4. Evo 60 Rockstars - I had to elongate the RLCA hole in the Rockstar with a carbide burr to line up with the hole in the Dynatrac bracketry when the Rockstar sits flush against the face. It was a pretty significant elongation, but the Dynatrac bracket is still doing all the RLCA mounting. Also, only the upper 5/16" bolt for the Rockstar would mount in Dynatrac bracket material. I had to drill a new hole in both the Rockstar and Dynatrac bracket for the lower one as there's a large pocket machined in the Dynatrac RLCA mount. Best bang for the buck upgrade I did imo, and easier to do before destroying the brackets on the trail.
Some other notes, not really issues:
I'm running 8 degrees of caster up front for now. The only reliable way I could find to measure it on the front PR60 is off the top of the top balljoint stud. Every other surface gave me an inconsistent measurement. The pinion seal face with a flat bar and angle finder worked well front and rear as well.
Rear driveshaft angle. I was able to set the rear axle pinion pointed directly at my xfer case so that the 1350 shaft I used has a 0 degree change at the pinion end. It's just under the maximum angle Dynatrac specified on the hang tag they provided. Measurements are taken with 4" plush rides, GTG there!
I lost 1/8" clearance at the pumpkin in the front from a PR44 to a PR60, which is AMAZING!
I lost 5/8" clearance at the pumpkin in the rear from a Dana44 to a Pro60, way better than I imagined!
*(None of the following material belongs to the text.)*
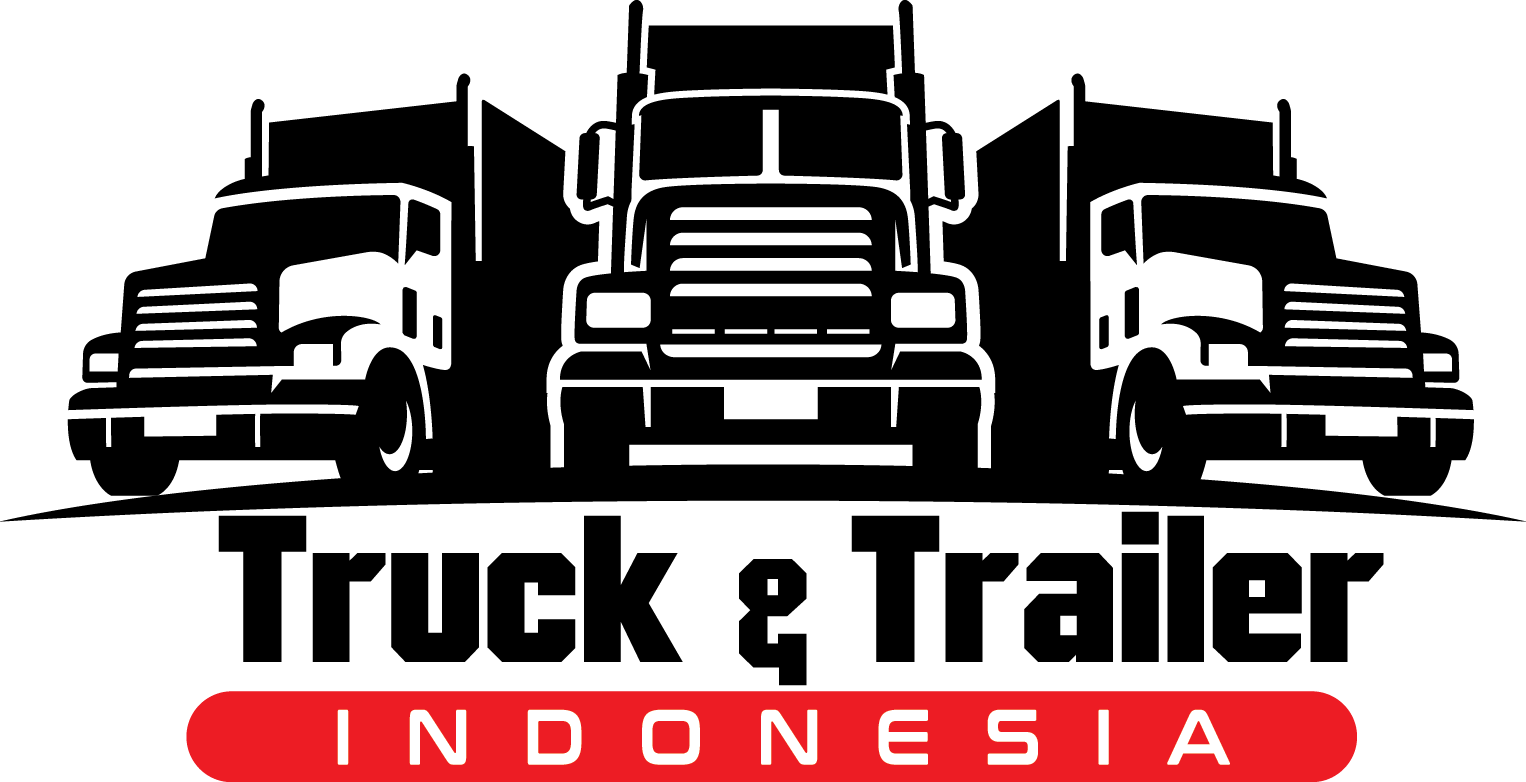 Truck & Trailer Indonesia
Hutchinson Rock Monsters in 5x5.5 fit over the hubs just fine, and won't rub full lock to lock with 9.5" of suspension travel on 4" of lift with 37s at any point in the suspension position. I ordered these axles in 5x5.5 as a bunch of the wheel choices my wife and I like come in that pattern with less backspace. It was honestly aesthetics driven.
EVO extended rear brake lines seem significantly longer than I need with 9.5" of rear travel.
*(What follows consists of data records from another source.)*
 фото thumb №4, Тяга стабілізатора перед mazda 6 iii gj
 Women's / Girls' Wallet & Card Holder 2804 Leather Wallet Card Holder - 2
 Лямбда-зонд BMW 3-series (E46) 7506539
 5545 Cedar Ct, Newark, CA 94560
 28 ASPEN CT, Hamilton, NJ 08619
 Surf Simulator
With 37s on 4" Plush rides, 3" of bump seems most appropriate in the rear. Cycling it seems JUST short of fully stuffing a tire. I had a 1" gap with 4" of bump.
If you're doing EVO King Air bumps in the front like I did, you'll need to come up with a way to mount the bump extensions. The Dynatrac pad is designed to take a single 1/2"-13 bolt in the center. The King's come with 2 smaller bolts. You can either drill and tap the pad, or pick up some hockey puck style extensions and get a socket head bolt. Fastenal had the bolts in varied sizes with a nice black coating in stock. You'll also need to drill out the bumpstop extension to 1/2" and countersink it if you buy a pre-made one. They all seem to have 3/8" holes....
You need a regular stock, not RHD flipped draglink. I didn't think about or realize this until the axles arrived.
We put 1.5 hours test on them mid-week in town, and 6 hours today. I have 3 more hours tomorrow of highway, and 3 days of wheeling before 9 hours home. I'll post back how they did. On the highway, with 37s, 5.13 is 2900 RPM with the cruise set. In the mountains the auto is constantly shifting down to 4 and giving me about 3400 rpm until you hit level ground or push it back into 5th gear. Driving great so far!
That's a really long post, and all for now.